Convair B-36B Peacemaker
The B-36B was the first full scale production version, using R-4360-41 Wasp Major engines that had an extra 500hp each over the engines used in the B-36A. It had better performance, a bigger bomb load, better equipment and could operate from shorter runways than the B-36A.
The B-36B was also armed from the start. Its 16 20mm cannons gave it the most formidable armament of any warplane. The guns were mounted on platforms that retracted into the fuselage when not in use.
The endurance and bomb capacity of the B-36B was demonstrated by some of its test flights:
On 5 December, 1948, a 4275-mile, 14-hour mission at 40,000 feet with an average cruise speed of 303mph.
An 8000-mile plus, 35 and-a-half-hour simulated bombing run, with 10,000lb bombload from Carswell AFB to Hawaii on 7-8 December, 1948.

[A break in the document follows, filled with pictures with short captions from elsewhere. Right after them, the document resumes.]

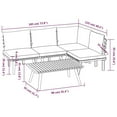 thumbnail image 2 of vidaXL 5 Piece Patio Lounge Set with Cushions Solid Acacia Wood, 2 of 10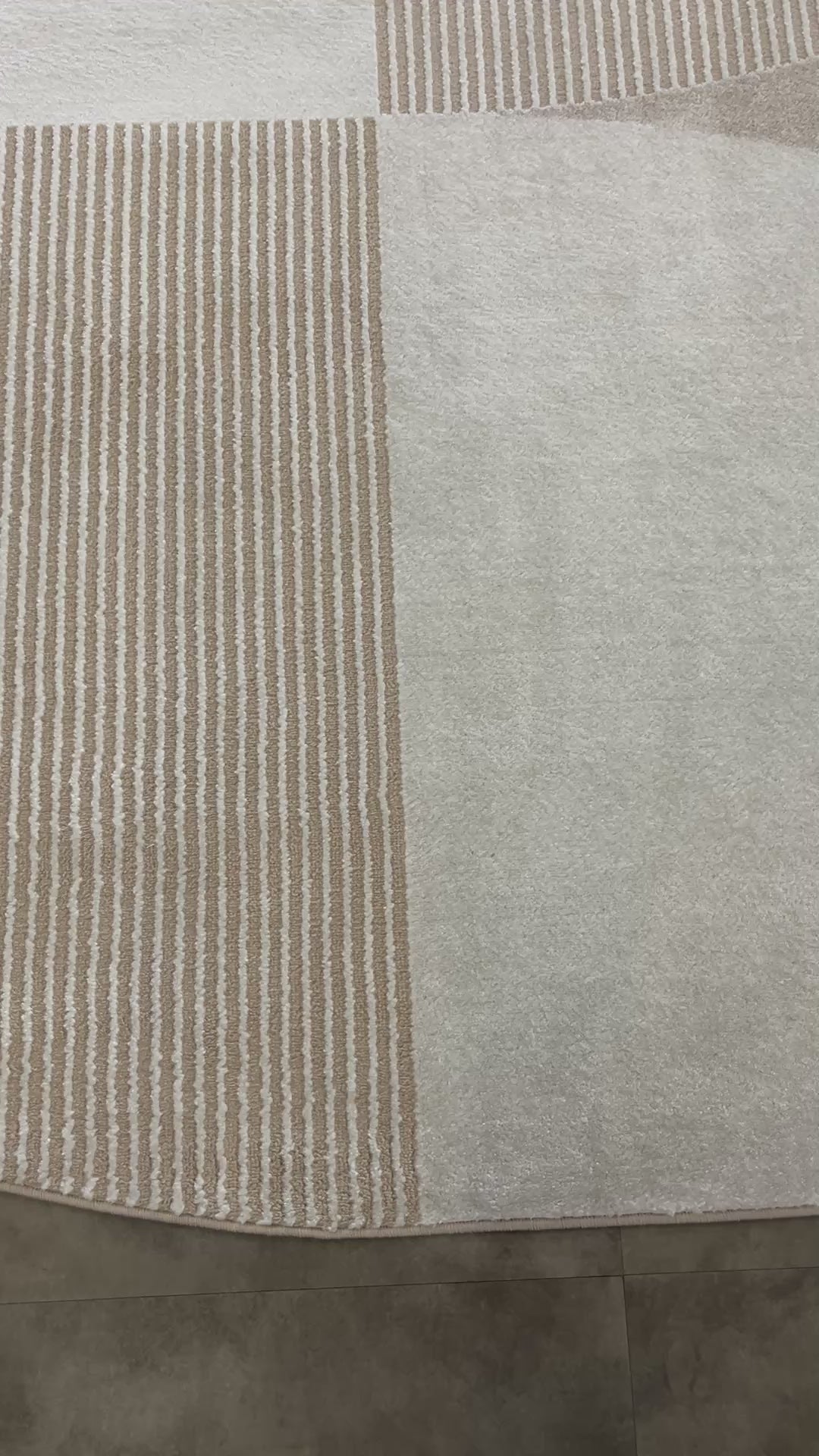 Tapete Turco Orgânico 2,50 x 3,00 Waves Cream  ED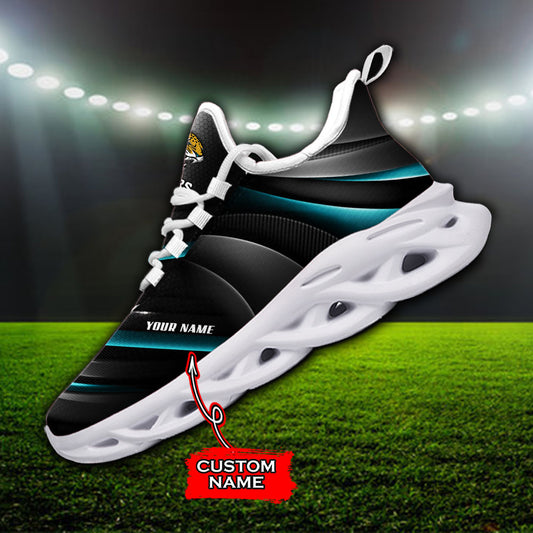 Ideafootwear Jacksonville Jaguars NFL Max Soul Shoes Sneakers For Men And Women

A pair of 42,000lb bombs were lifted on 29 January, 1949 from Muroc AFB; one was dropped at 35,000 feet, the other at 40,000 feet.
A 9600-mile flight, 5000 miles of which carrying 10,000lb of bombs, in 43 hours 37 minutes in March 1949.

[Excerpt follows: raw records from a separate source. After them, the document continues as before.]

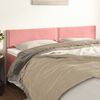 vidaXL voodipeatsid, roosa, 180x5x78/88 cm, samet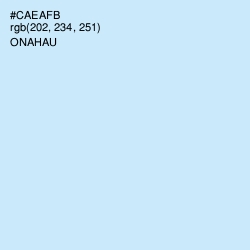 #CAEAFB - Onahau Color Image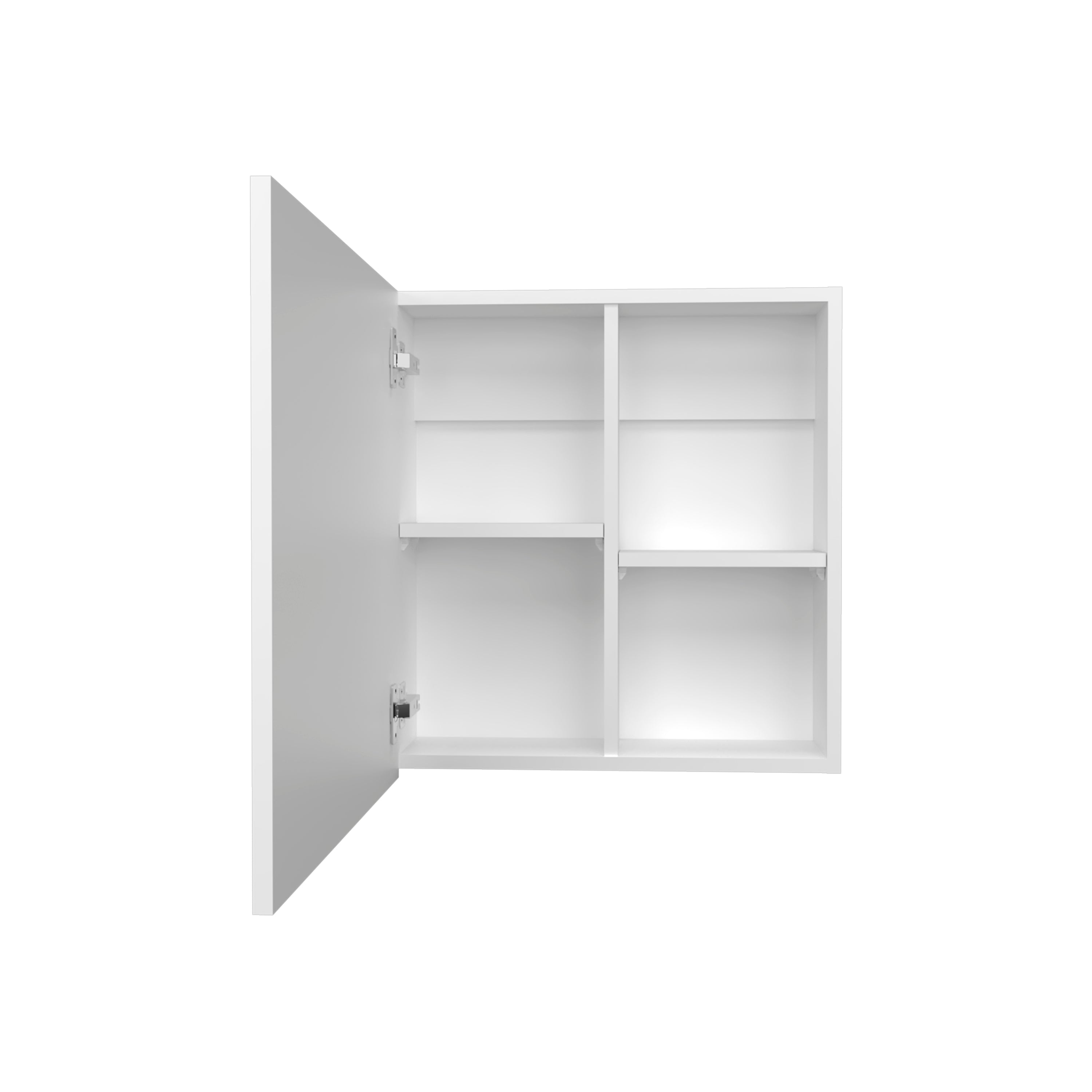 Loring Medicine Cabinet, 1 Door, 4 Shelves, 1 Mirror, White - Luciddepo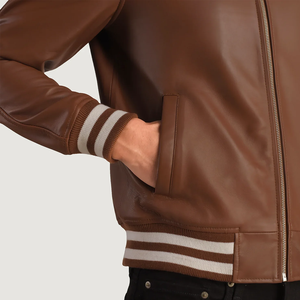 Best Quality Custom Design Coated Stand Collar Winter <b>Varsity</b> <b>Jacket</b> for Men Custom Made Polyester/Cotton with Front Logo - Product Image 6
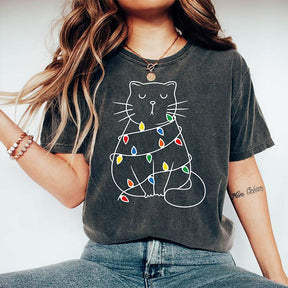 Cute Cat Mom Christmas Funny T-Shirt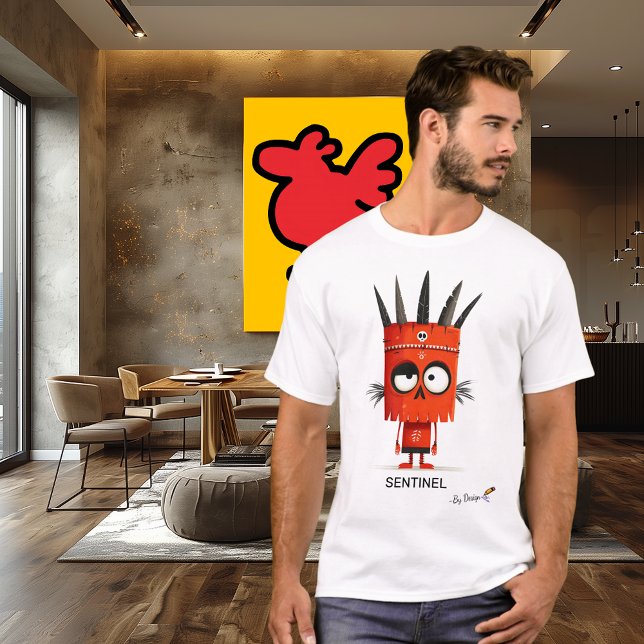 Red Warrior | SENTINEL - By Design | Unique  T-Shirt (Creator Uploaded)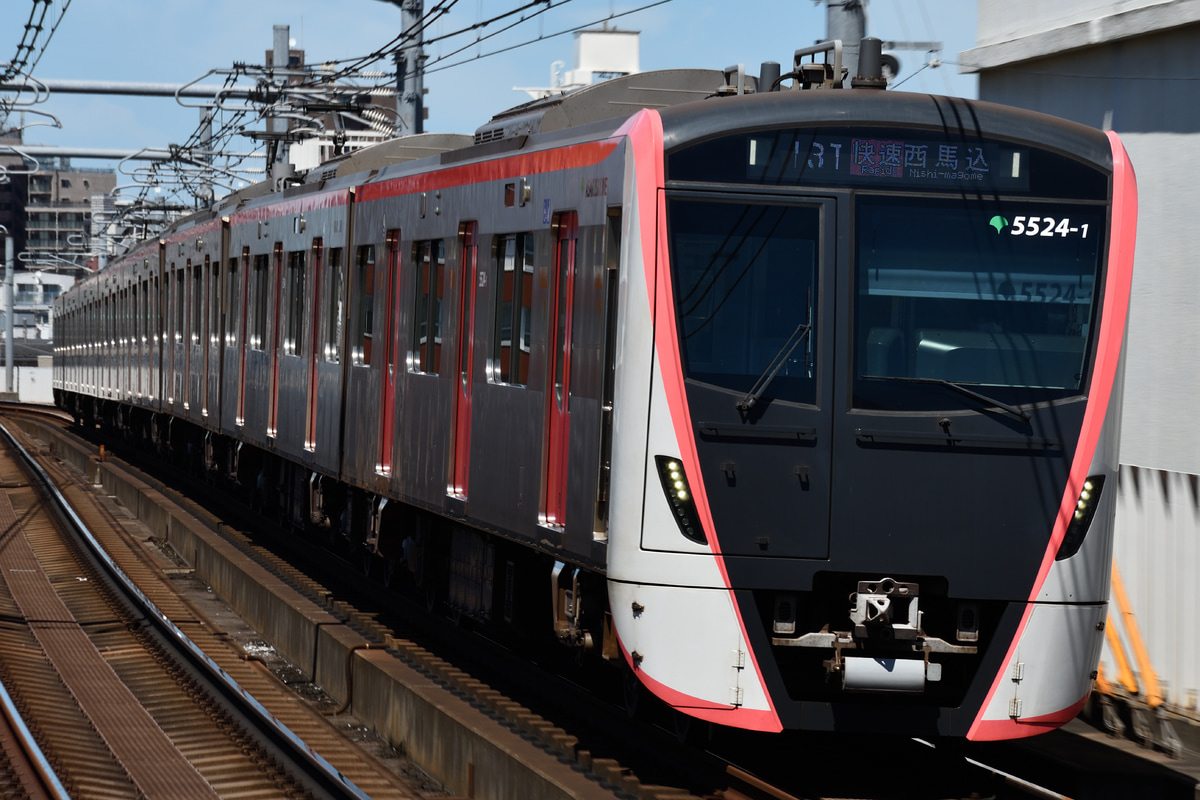 東京都交通局 馬込車両検修場 5500形 5524F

However, problems with the armaments and other complex systems, combined with parts shortages, meant that some B-36Bs were cannibalised to keep others flying. Full operational status was not achieved until 1952.
64 of the 73 B-36Bs built were redesignated B-36Ds when they got turbo jet engines added to them.
Convair B-36D Peacemaker
In order to address critics' concerns that the B-36 was too slow and needed too long a runway, Convair added two pairs of General Electric turbo jets to the plane for short bursts of speed over targets and at takeoff. These engines were mounted in pods at the wing tips. These B-36s, designated B-36D had a top speed of 435mph over target, and reduced the takeoff runway needed by 2,000 feet.
Sixty-four of the B-36B aircraft were converted to B-36Ds, and another 26 were built from scratch.
The B-36D could carry 86,000lb of bombs, a record not equalled until the modified 'Big Belly' B-52Ds in service during the Vietnamese war.
The first B-36s to fly outside of US territory were six B-36Ds that flew to RAF Lakenheath in the UK in January 1951. In the late summer of 1953, the 92nd Heavy Bombardment Wing made a mass flight to the Far East, mainly to prove that the US was still willing to maintain operations after the end of hostilities in Korea. The 92nd were the first wing to be fully deployed overseas, departing for 90 days in Guam in October 1953.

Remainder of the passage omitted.